🦾 Why SoCs (Systems-on-Chips) Are Becoming More Programmable

A Newsletter for Entrepreneurs, Investors, and Computing Geeks

Happy Monday! Here’s what’s inside this week’s newsletter:

  • Deep dive: How programmability is being designed into modern SoCs, with DSPs, reconfigurable logic, and chiplet-based approaches helping systems adapt to changing workloads after deployment.

  • Spotlights: A reframing of the quantum advantage debate toward definitions and usefulness, and AWS launching a European sovereign cloud with plans to expand its isolated infrastructure footprint across the EU.

  • Headlines: Strong AI-driven momentum in semiconductors, renewed debate and progress in quantum advantage and scaling, and major AI data center build-outs from Meta and Microsoft.

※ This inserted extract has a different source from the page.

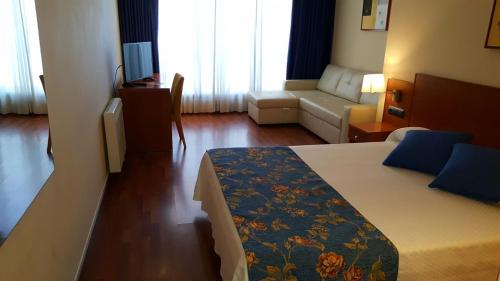 Фотография гостиницы Hotel Suite Camarena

  • Readings: Semiconductor trends around HBM, NPUs, and secure manufacturing, quantum advances in cooling and defense readiness, progress in photonic modulators, and neuromorphic efficiency gains.

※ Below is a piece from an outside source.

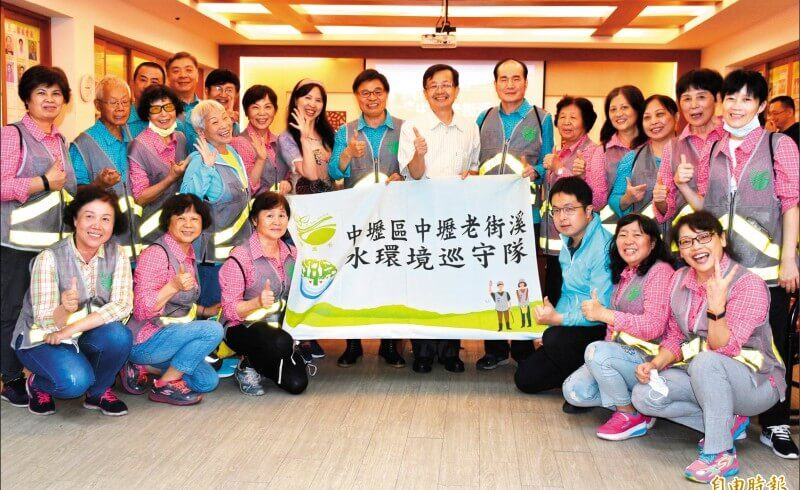 「中壢老街溪水環境巡守隊」認養老街溪環北橋至翠堤橋約2.8公里長河段,每週固定出動兩次,獲選行政院環境保護署全國優良水環境巡守隊 「中壢老街溪水環境巡守隊」認養老街溪環北橋至翠堤橋約2.8公里長河段,每週固定出動兩次,獲選行政院環境保護署全國優良水環境巡守隊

  • Funding news: A broad spread of financings across quantum and semiconductors, with only one round below $10M, highlighting sustained mid-stage deal activity.

  • Bonus: New U.S. policy efforts to shift a significant share of Taiwan’s chip supply chain to the U.S. and ramp up domestic chip production volumes through investment incentives and targeted tariffs.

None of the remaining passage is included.